Premièrement, j'estime que cette motion s'appuie sur un principe douteux, à savoir que la culpabilité puisse être collective et se transmettre d'une génération à l'autre.
La deuxième raison de mon opposition est que, malgré les bonnes intentions de ceux qui l'ont rédigée, elle semble attribuer la responsabilité ultime de l'expulsion des Acadiens à la Couronne, ce qui n'est pas une lecture exacte des événements de 1755. Une lecture plus conforme à l'histoire accuserait plutôt les gouverneurs coloniaux de la Nouvelle-Angleterre et les pionniers qu'ils représentaient.
Je commencerai par l'argument historique et je reviendrai plus tard au raisonnement philosophique.

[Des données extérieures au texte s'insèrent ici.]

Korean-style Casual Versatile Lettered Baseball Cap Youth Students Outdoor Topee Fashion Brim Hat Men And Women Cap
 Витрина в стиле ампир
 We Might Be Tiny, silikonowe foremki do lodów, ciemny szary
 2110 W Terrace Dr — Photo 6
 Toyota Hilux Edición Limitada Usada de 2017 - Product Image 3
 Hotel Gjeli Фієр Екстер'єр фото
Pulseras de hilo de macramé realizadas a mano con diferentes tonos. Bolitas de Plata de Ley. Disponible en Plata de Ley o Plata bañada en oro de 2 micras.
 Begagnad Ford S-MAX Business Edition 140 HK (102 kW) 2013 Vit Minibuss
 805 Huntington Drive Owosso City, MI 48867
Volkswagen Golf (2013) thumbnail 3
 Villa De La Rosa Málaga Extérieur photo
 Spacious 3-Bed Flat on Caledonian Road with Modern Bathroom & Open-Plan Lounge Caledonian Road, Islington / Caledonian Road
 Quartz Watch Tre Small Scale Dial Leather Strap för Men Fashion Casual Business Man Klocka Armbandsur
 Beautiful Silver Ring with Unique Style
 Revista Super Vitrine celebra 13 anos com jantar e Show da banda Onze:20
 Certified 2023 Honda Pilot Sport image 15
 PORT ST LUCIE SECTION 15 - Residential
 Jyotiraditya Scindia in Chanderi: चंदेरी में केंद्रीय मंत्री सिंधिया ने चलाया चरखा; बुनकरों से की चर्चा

Beaucoup des faits entourant la déportation des Acadiens ne font aucun doute. En 1755, les autorités coloniales ont amorcé un processus de déracinement et de déportation de la partie de la population acadienne qui était établie sur le territoire britannique, en commençant par le centre de la colonie acadienne le long de la côte est de la baie de Fundy.
Le gouverneur Lawrence, de la Nouvelle-Écosse, et le gouverneur Shirley, commandant en chef des forces britanniques en Nouvelle-Angleterre, ont commencé par saisir les armes à feu des colons pour les empêcher de résister par la force. Puis, ils ont pris en otage un grand nombre d'hommes adultes afin de garantir la docilité de leurs familles au moment de la déportation.
Au cours de années qui ont suivi, ce fut environ les trois quarts de la population acadienne totale, soit 13 000 personnes qui ont été déportées. Certains de ces gens ont été expédiés en Nouvelle-Angleterre, d'autres en Louisianne, tandis que d'autres encore étaient rapatriés en France.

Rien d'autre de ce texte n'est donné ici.